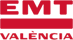 Logo de la Empresa Municipal de Transportes de Valencia, en color rojo vemos las letras «EMT» sobre una línea gruesa, bajo esta tenemos el texto «Valencia»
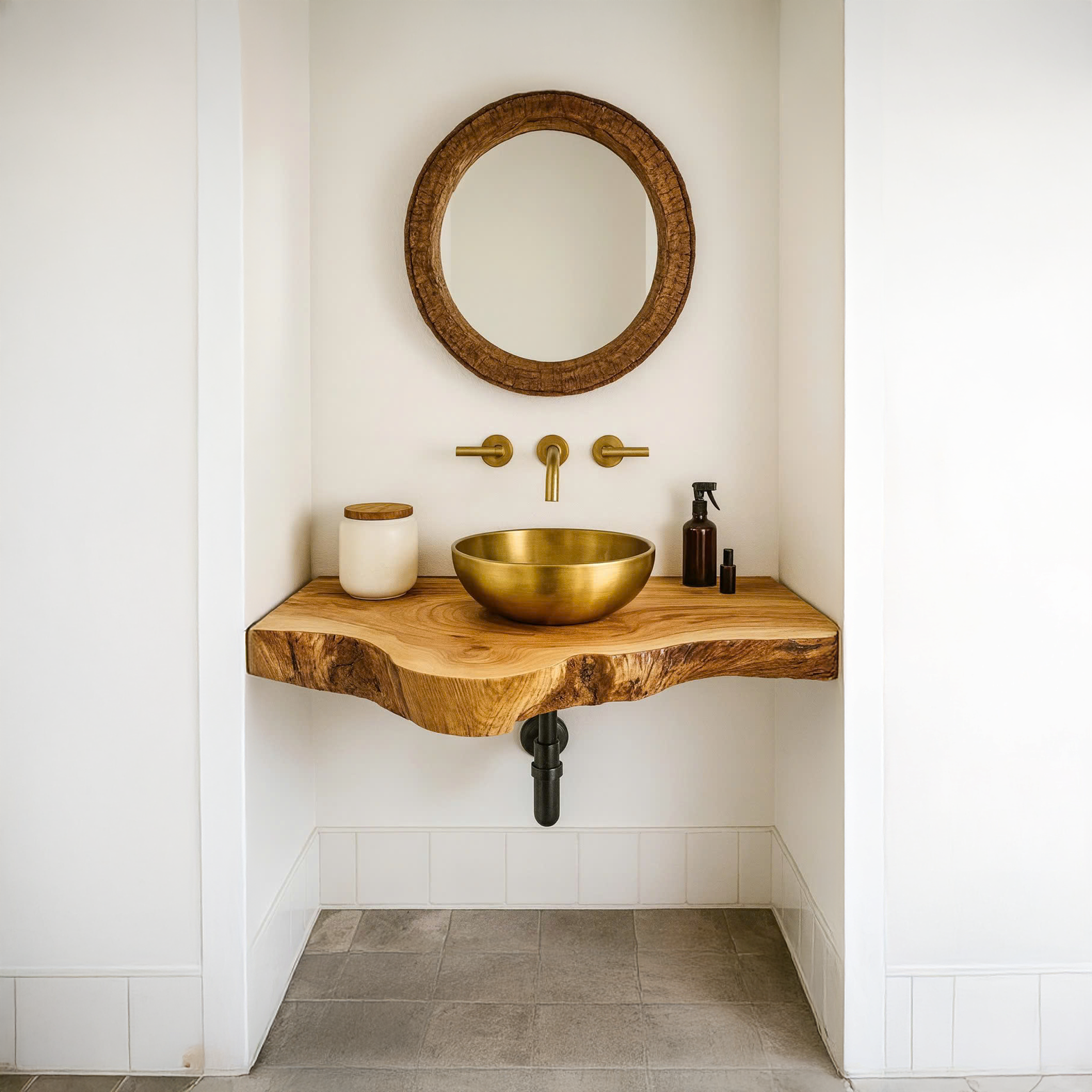 Rustic Floating Shelf Live Edge Vanity Bathroom SINLSABRV097
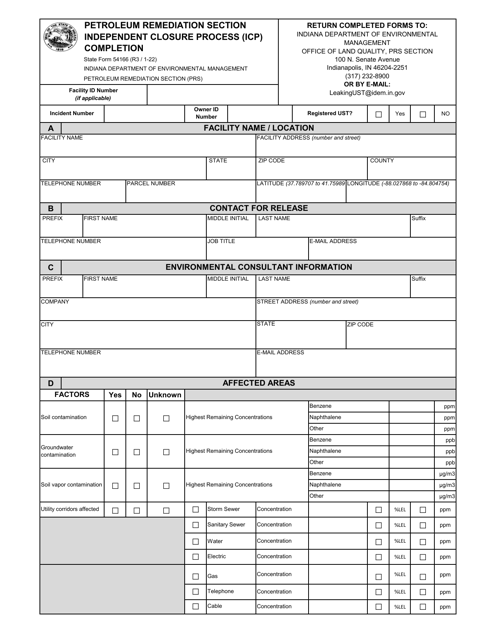 State Form 54166  Printable Pdf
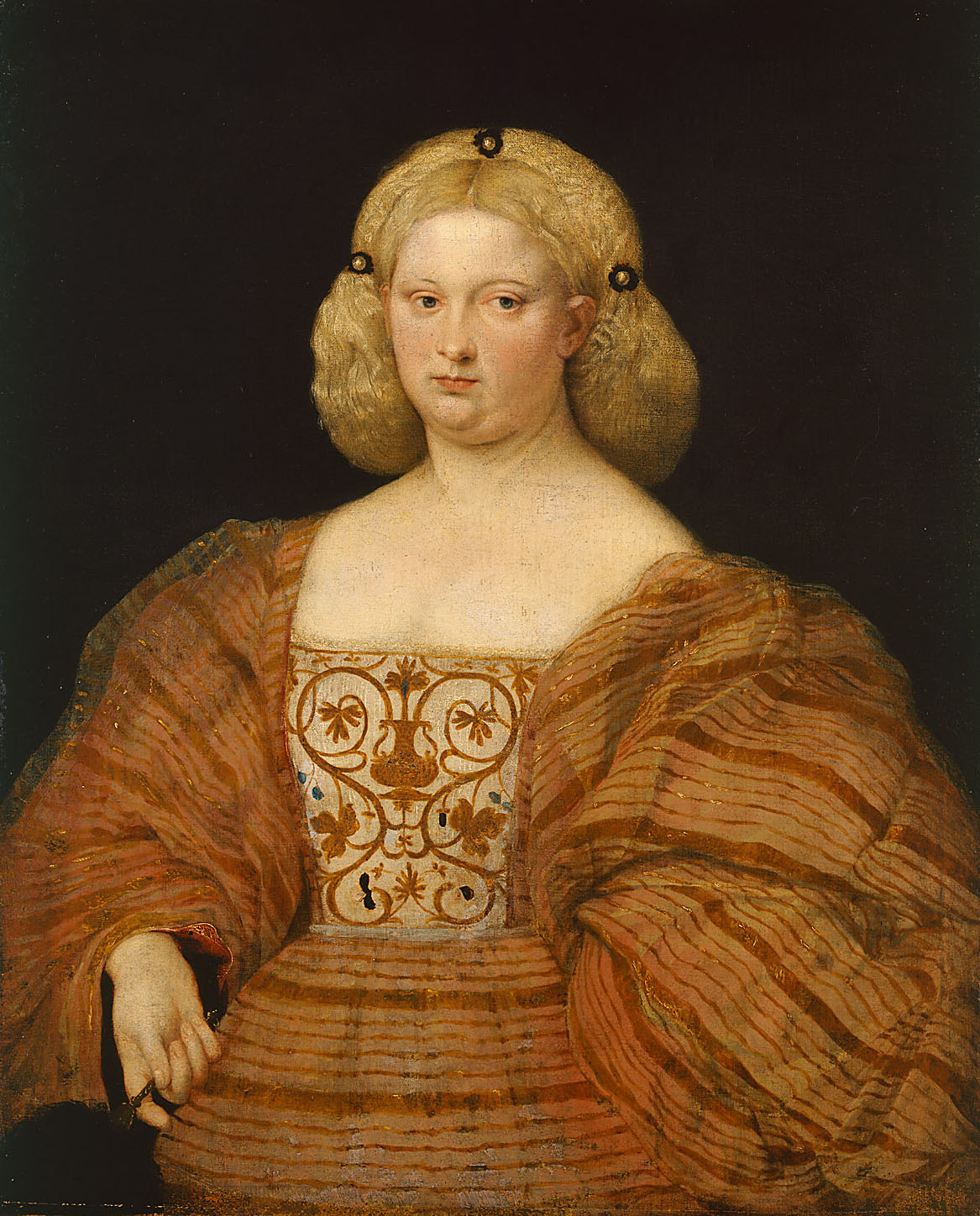 Bildnis einer Frau in gestreiftem Kleid mit Fächer, Giovanni Busi, gen. Cariani, 1530-1535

Assigned task >>
The listing is to be repeated word for word, with all pictures omitted.

Response to the exercise >>
 Logo de la Empresa Municipal de Transportes de Valencia, en color rojo vemos las letras «EMT» sobre una línea gruesa, bajo esta tenemos el texto «Valencia»
 Rustic Floating Shelf Live Edge Vanity Bathroom SINLSABRV097
 State Form 54166  Printable Pdf
 Bildnis einer Frau in gestreiftem Kleid mit Fächer, Giovanni Busi, gen. Cariani, 1530-1535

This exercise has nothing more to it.